A key feature of Nextflow is the ability to abstract the implementation of data analysis pipelines so they can be deployed in a portable manner across execution platforms.
As of today, Nextflow supports a rich variety of HPC schedulers and all major cloud providers. Our goal is to support new services as they emerge to enable Nextflow users to take advantage of the latest technology and deploy pipelines on the compute environments that best fit their requirements.
For this reason, we are delighted to announce that Nextflow now supports Google Cloud Batch, a new fully managed batch service just announced for beta availability by Google Cloud.
Google Cloud Batch is a comprehensive cloud service suitable for multiple use cases, including HPC, AI/ML, and data processing. While it is similar to the Google Cloud Life Sciences API, used by many Nextflow users today, Google Cloud Batch offers a broader set of capabilities. As with Google Cloud Life Sciences, Google Cloud Batch automatically provisions resources, manages capacity, and allows batch workloads to run at scale. It offers several advantages, including:
A nice feature of Google Cloud Batch API, that fits nicely with Nextflow, is its built-in support for data ingestion from Google Cloud Storage buckets. A batch job can mount a storage bucket and make it directly accessible to a container running a Nextflow task. This feature makes data ingestion and sharing resulting data sets more efficient and reliable than other solutions.
Support for the Google Cloud Batch requires the latest release of Nextflow from the edge channel (version
22.07.1-edge or later). If you don't already have it, you can install this release using these commands:
export NXF_EDGE=1 curl get.nextflow.io | bash ./nextflow -self-update
Make sure your Google account is allowed to access the Google Cloud Batch service by checking the API & Service dashboard.

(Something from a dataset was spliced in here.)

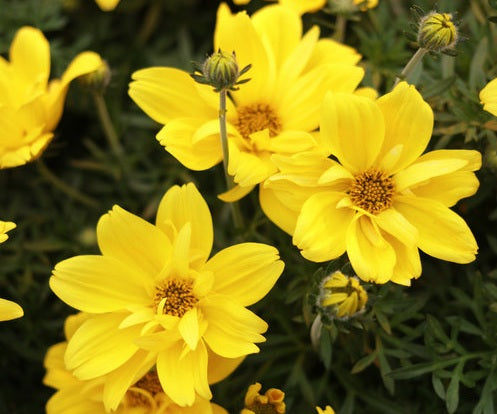 Bidens ferulifolia - GOLDILOCKS ROCKS - Apache Beggarticks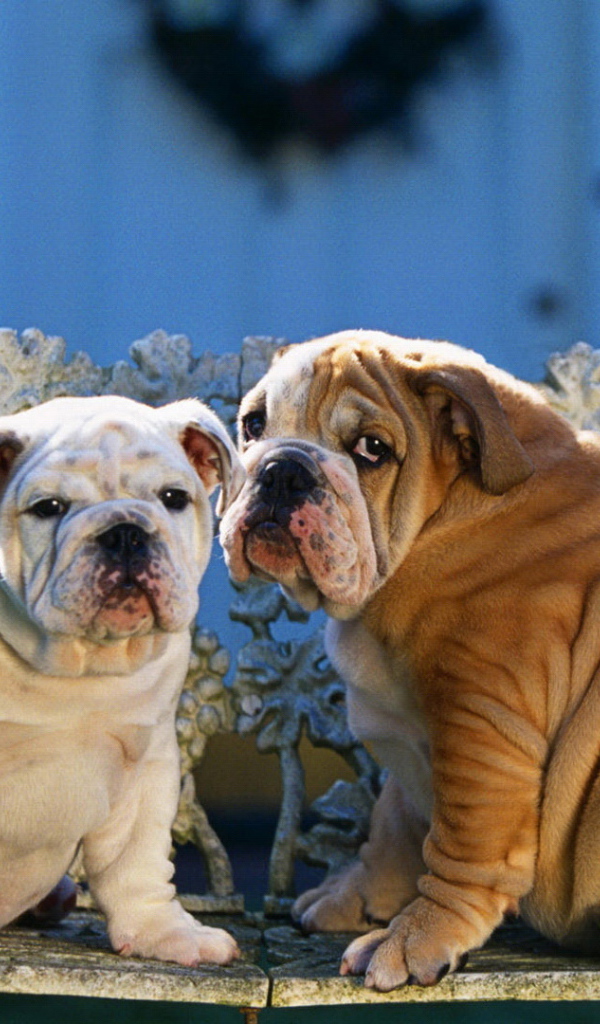 Два шарпея сидят на скамейке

Credentials for accessing the service are picked up by Nextflow from your environment using the usual Google Application Default Credentials mechanism. That is, either via the
GOOGLE_APPLICATION_CREDENTIALS environment variable, or by using the following command to set up the environment:
gcloud auth application-default login
After authenticating yourself to Google Cloud, create a
nextflow.config file and specify
google-batch as the Nextflow executor. You will also need to specify the Google Cloud project where execution will occur and the Google Cloud Storage working directory for pipeline execution.
cat <<EOT > nextflow.config process.executor = 'google-batch' workDir = 'gs://YOUR-GOOGLE-BUCKET/scratch' google.project = 'YOUR GOOGLE PROJECT ID' EOT
In the above snippet replace
<YOUR_GOOGLE_BUCKET> with a Google Storage bucket of your choice where to store the pipeline output data and
<YOUR_GOOGLE_PROJECT_ID> with your Google project Id where the computation will be deployed.
With this information, you are ready to start. You can verify that the integration is working by running the Nextflow “hello” pipeline as shown below:
nextflow run https://github.com/nextflow-io/hello
Google Cloud Life Sciences users can easily migrate their pipelines to Google Cloud Batch by making just a few edits to their pipeline configuration settings. Simply replace the
google-lifesciences executor with
For each setting having the prefix
google.lifeScience., there is a corresponding
google.batch. setting. Simply update these configuration settings to reflect the new service.
The usual process directives such as: cpus, memory, time, machineType are natively supported by Google Cloud Batch, and should not be modified.
Find out more details in the Nextflow documentation.
The Google Cloud Batch executor for Nextflow is offered as an open source contribution to the Nextflow project. The integration was developed by Google in collaboration with Seqera Labs. This is a validation of Google Cloud’s ongoing commitment to open source software (OSS) and a testament to the health and vibrancy of the Nextflow project. We wish to thank the entire Google Cloud Batch team, and Shamel Jacobs in particular, for their support of this effort.
Support for Google Cloud Batch further expands the wide range of computing platforms supported by Nextflow. It empowers Nextflow users to easily access cost-effective resources, and take full advantage of the rich capabilities of the Google Cloud. Above all, it enables researchers to easily scale and collaborate, improving their productivity, and resulting in better research outcomes.